[Mesa-dev] [PATCH 2/2] i965: Implement color clears using a simple shader in blorp.

Kenneth Graunke kenneth at whitecape.org
Sun Apr 28 00:55:51 PDT 2013


On 04/18/2013 02:25 PM, Eric Anholt wrote:
> The upside is less CPU overhead in fiddling with GL error handling, the
> ability to use the constant color write message in most cases, and no GLSL
> clear shaders appearing in MESA_GLSL=dump output.  The downside is more
> batch flushing and a total recompute of GL state at the end of blorp.

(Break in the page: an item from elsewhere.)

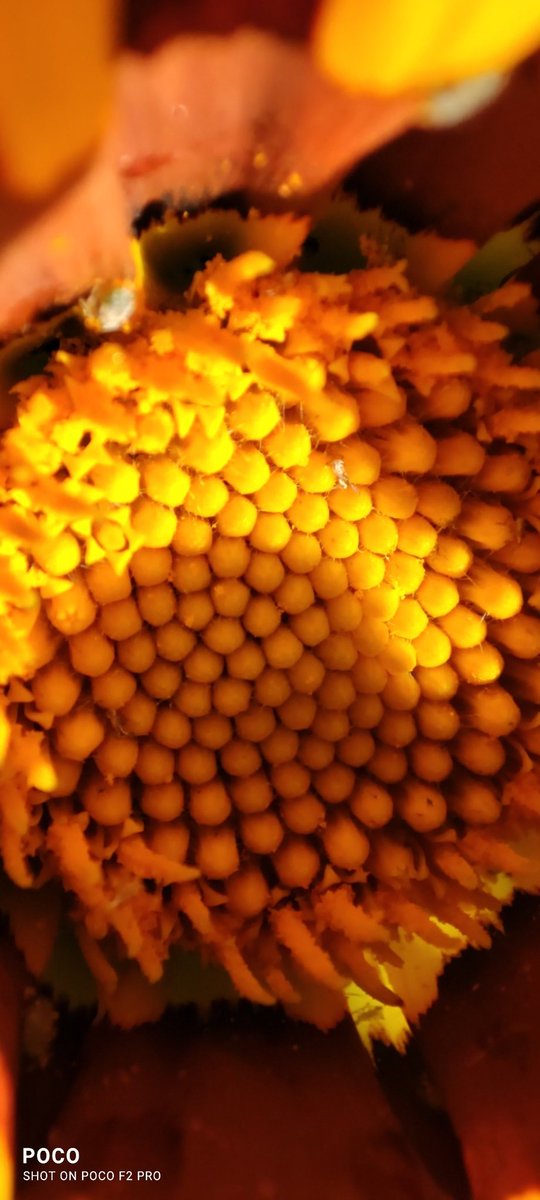 sonnychambers's tweet image. #makro #pocof2pro #Xiaomi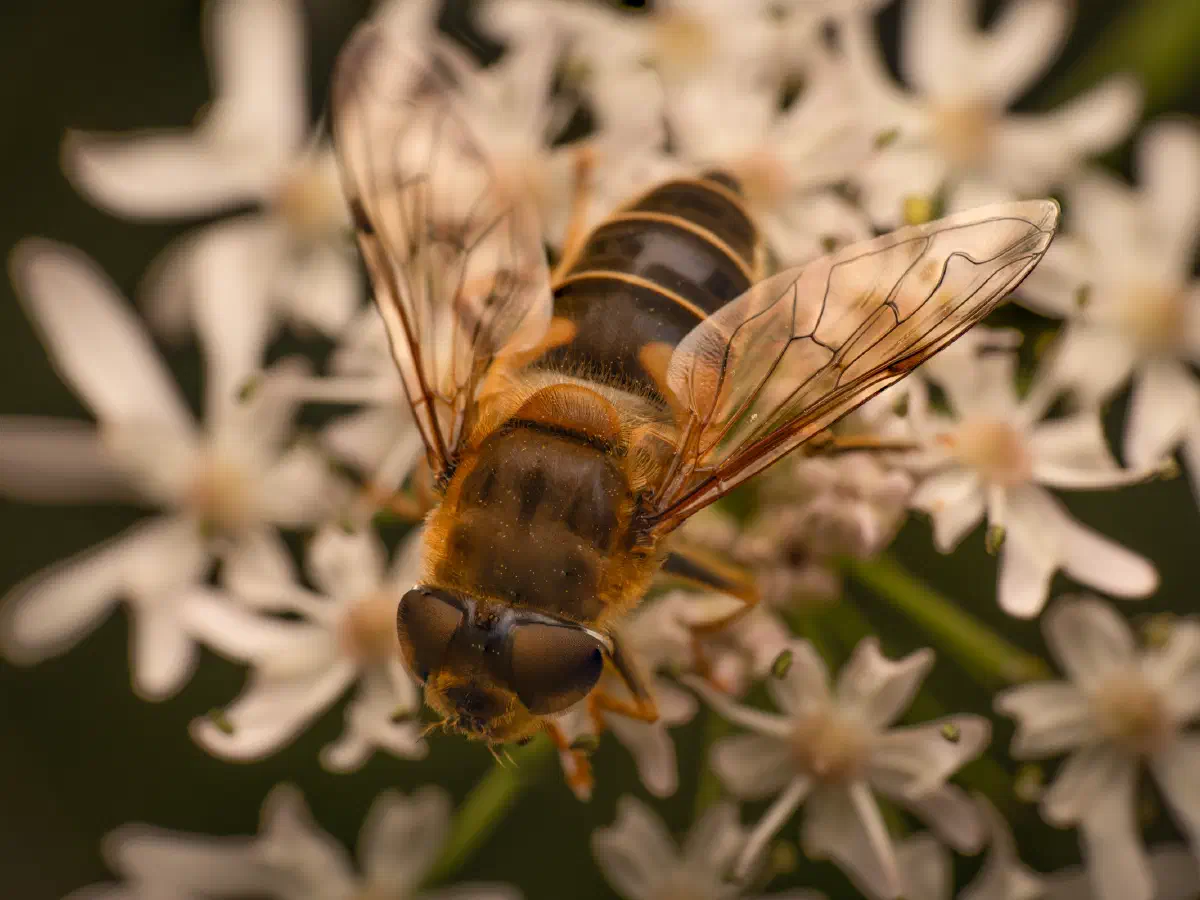 Éristale opiniâtre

> However, if we're ever going to use the fast color clear feature of CMS
> surfaces, we'll need this anyway since it requires very special state
> setup.
>
> This increases the fail rate of some the GLES3conform ARB_sync tests,
> because of the initial flush at the start of blorp.  The tests already
> intermittently failed (because it's just a bad testing procedure), and we
> can return it to its previous fail rate by fixing the initial flush.
>
> Improves GLB2.7 performance 0.37% +/- 0.11% (n=71/70, outlier removed).
>
> v2: Rename the key member, use the core helper for sRGB, and use
>      BRW_MASK_* enums, fix comment and indentation.
> ---
>   src/mesa/drivers/dri/i965/Makefile.sources    |    1 +
>   src/mesa/drivers/dri/i965/brw_blorp.cpp       |    4 +
>   src/mesa/drivers/dri/i965/brw_blorp.h         |    4 +
>   src/mesa/drivers/dri/i965/brw_blorp_clear.cpp |  305 +++++++++++++++++++++++++
>   src/mesa/drivers/dri/i965/brw_clear.c         |   11 +
>   src/mesa/drivers/dri/i965/brw_context.h       |    1 +
>   src/mesa/drivers/dri/i965/gen6_blorp.cpp      |   21 +-
>   src/mesa/drivers/dri/i965/gen7_blorp.cpp      |   12 +-
>   8 files changed, 345 insertions(+), 14 deletions(-)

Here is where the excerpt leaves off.